Trade openness supports economic growth. The literature supports the premise that increased international trade leads to faster growth (Frankel et al. and Kraay et al.). Trade allows producers to access bigger markets and encourages the development of technological knowhow, thereby increasing returns to investment and economic growth. Growth in the CCA has been associated with its greater trade openness (Figure 8.1),27 but trade openness for the region as a whole has still lagged the fast growing emerging economies28 (Figure 8.2).

Figure 8.1.CCA: Economic Growth vis-a-vis Trade Openness in 1996–2011

Source: World Development Indicators.

Figure 8.2.Trade Openness in CCA vis-a-vis Fast Growing Emerging Economies

Source: World Development Indicators.

Regional cooperation has long been seen globally as an instrument for promoting economic growth. Sophisticated buyer-supplier networks and the emergence of a value-added chain have been major features of globalization in the world’s most dynamic regions, such as Southeast and East Asia. Likewise, increased specialization generates more trade, which can provide opportunities for small, poor, and landlocked CCA economies. However, most CCA countries do not have the required number of skilled workers, local financial capacity, or ability to sustain clusters of suppliers and complementary services. Economic cooperation among countries with shared borders can help create larger markets and allow for efficiencies and economies of scale by reducing barriers to trade, capital, and labor mobility. Cross-border cooperation also facilitates the development of regional infrastructure networks that support trade, and permits the efficient management of cross-border spillovers. This is particularly important for landlocked countries like those in the CCA, since they have neighbors on all sides with whom they must cooperate not only to increase integration within the region but also to permit integration with global markets. Increased regional economic cooperation should also allow CCA countries to support growth through enhanced energy and water security and possibly to make progress on longstanding conflicts and tensions.

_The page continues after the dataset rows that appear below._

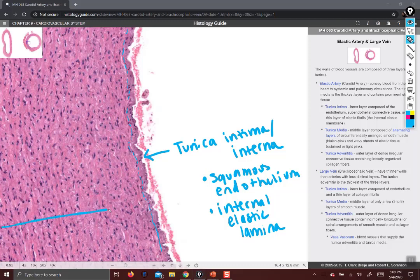This layer here is the tunica media, and it consists of smooth muscle and elastic fibers. The tunica intima is relatively thin, but in arteries the tunica media is quite thick and robust. That's one of the reasons why arteries tend to have rounder shapes — they have a thick wall to maintain their shape.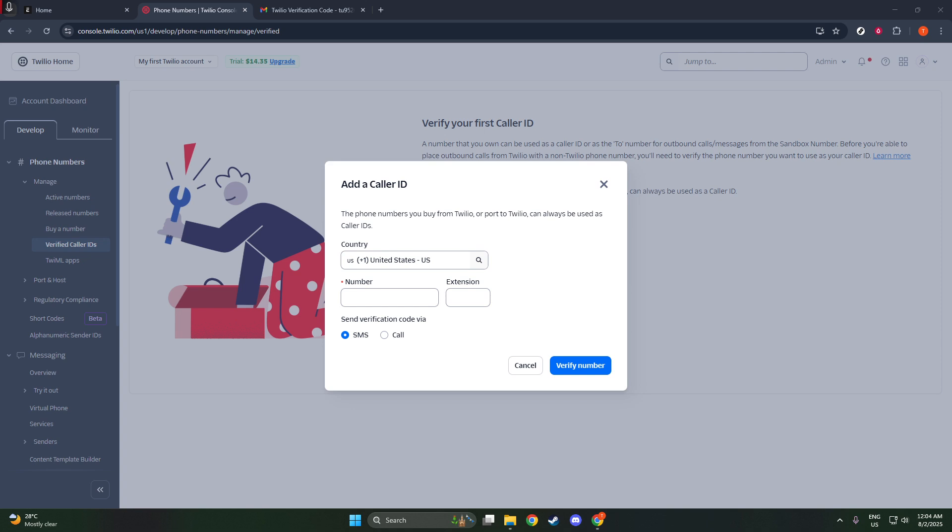Once you've successfully entered the code, congratulations! Your number will now move into your verified caller ID list, and you will be ready to utilize this verified number with Twilio services. And there you have it! Verifying your Twilio number is a quick and easy process that ensures you can start leveraging the full potential of Twilio for your communication needs.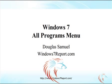Hello and welcome to another free Windows 7 Report instructional video from Windows7Report.com. I'm Doug Samuel. In this video, we'll take a look at the All Programs menu.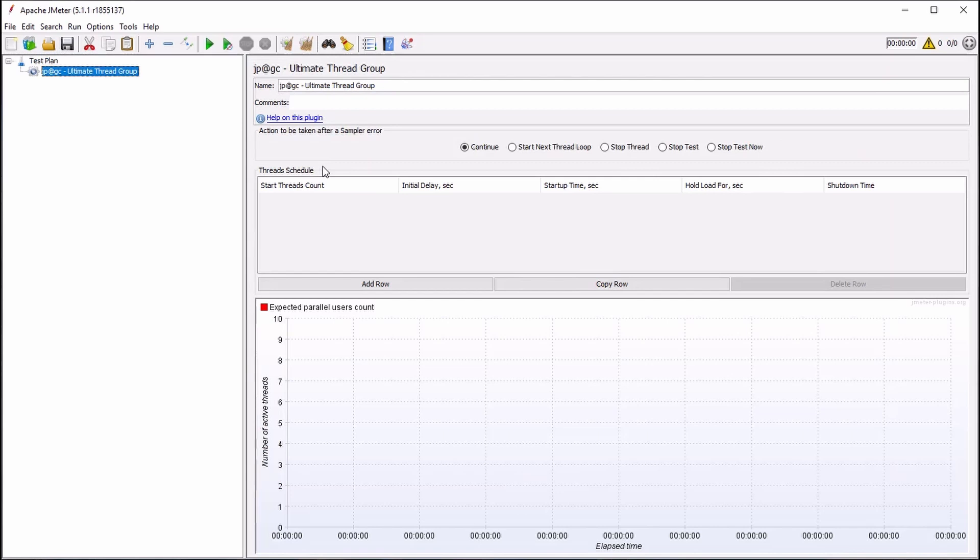It is here that we can define how many concurrent threads we desire, ramp-up parameters, the duration that we want to sustain the load for, and ramp-down or shutdown time.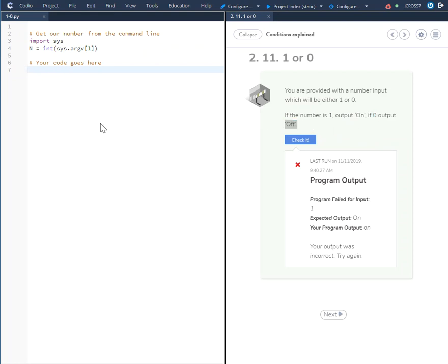So to solve this challenge, we're going to create an if else statement. We're going to say if the variable n equals 1,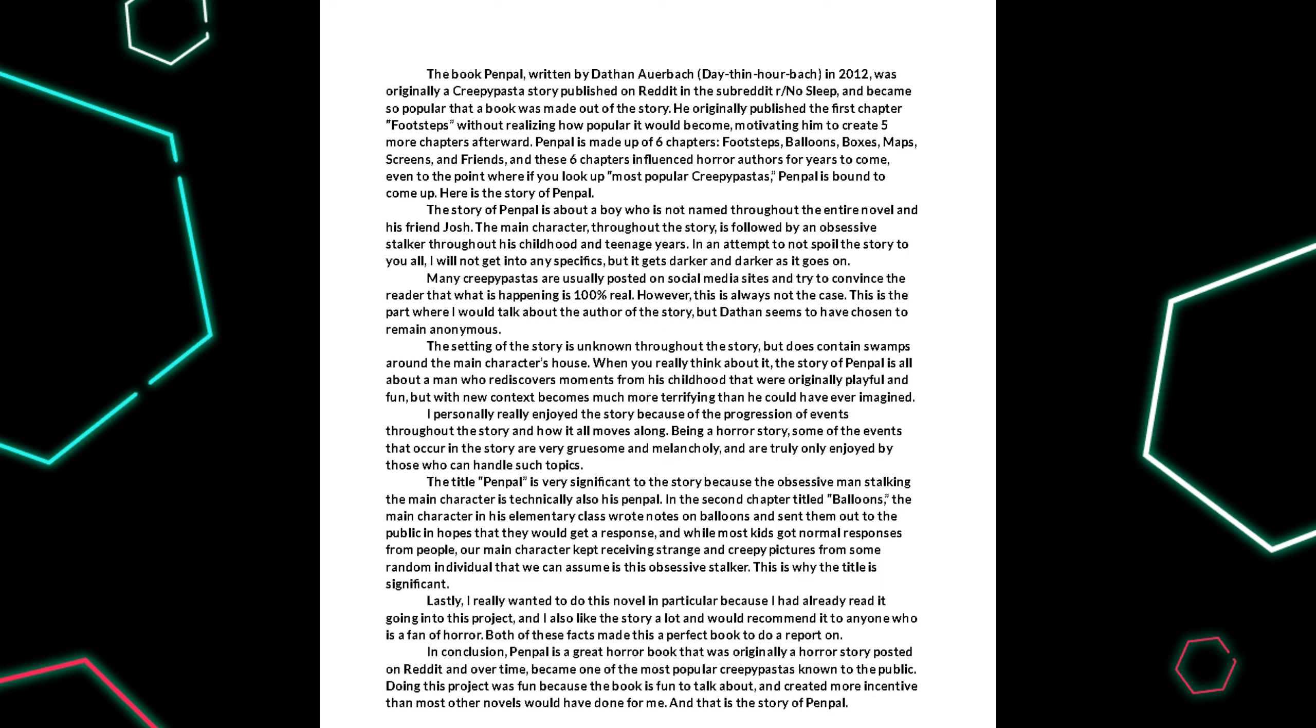Here is the story of Penpal. The story of Penpal is about a boy who is not named throughout the entire novel and his friend Josh. The main character, throughout the story, is followed by an obsessive stalker throughout his entire childhood and teenage years. In an attempt to not spoil the story, I will not get into any specifics, but it gets darker and darker as it goes on.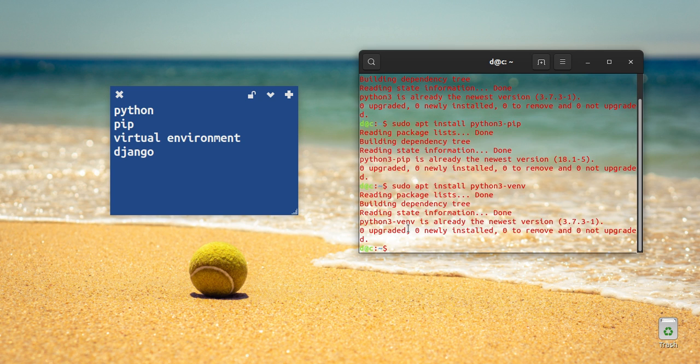Good, we will install our virtual environment. If you don't need to do it manually, it will install automatically.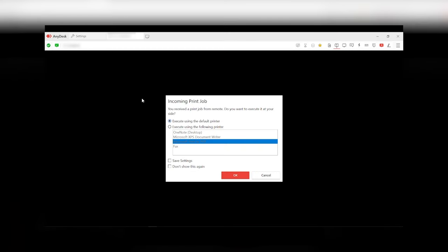Next, a window will appear. Now, there are two modes to handle incoming print jobs.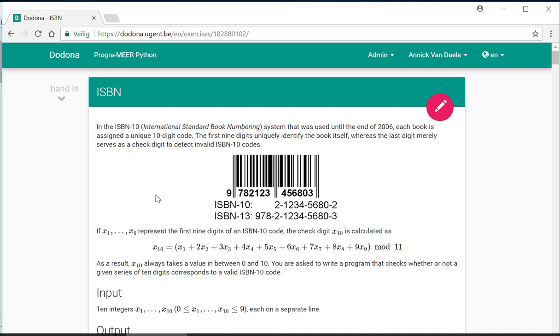This is the end of this video, in which we demonstrated how to solve the ISBN exercise from the second series.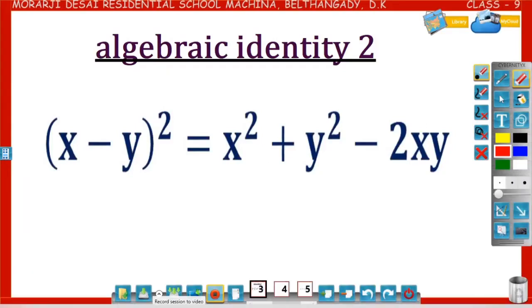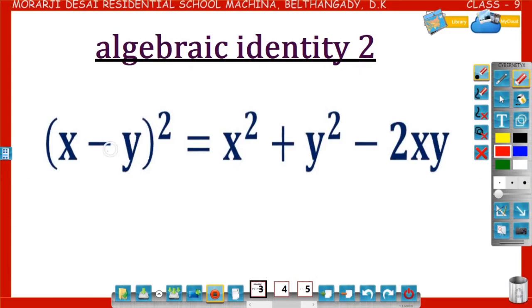Dear students, now you are going to learn about the second algebraic identity, that is x minus y whole square is equal to x square plus y square minus 2xy. Let us see how x minus y whole square equals x square plus y square minus 2xy.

While the CCA has made significant progress in integrating with the rest of the world, intra-regional trade has yet to expand. Despite rapid economic growth, the share of intra-regional trade in the CCA relative to the region’s overall global trade dropped significantly over the past two decades (Figure 8.3). This lower intra-regional trade in the CCA contrasts with that of the gradually rising figure among the Association of Southeast Asian Nations (ASEAN) countries.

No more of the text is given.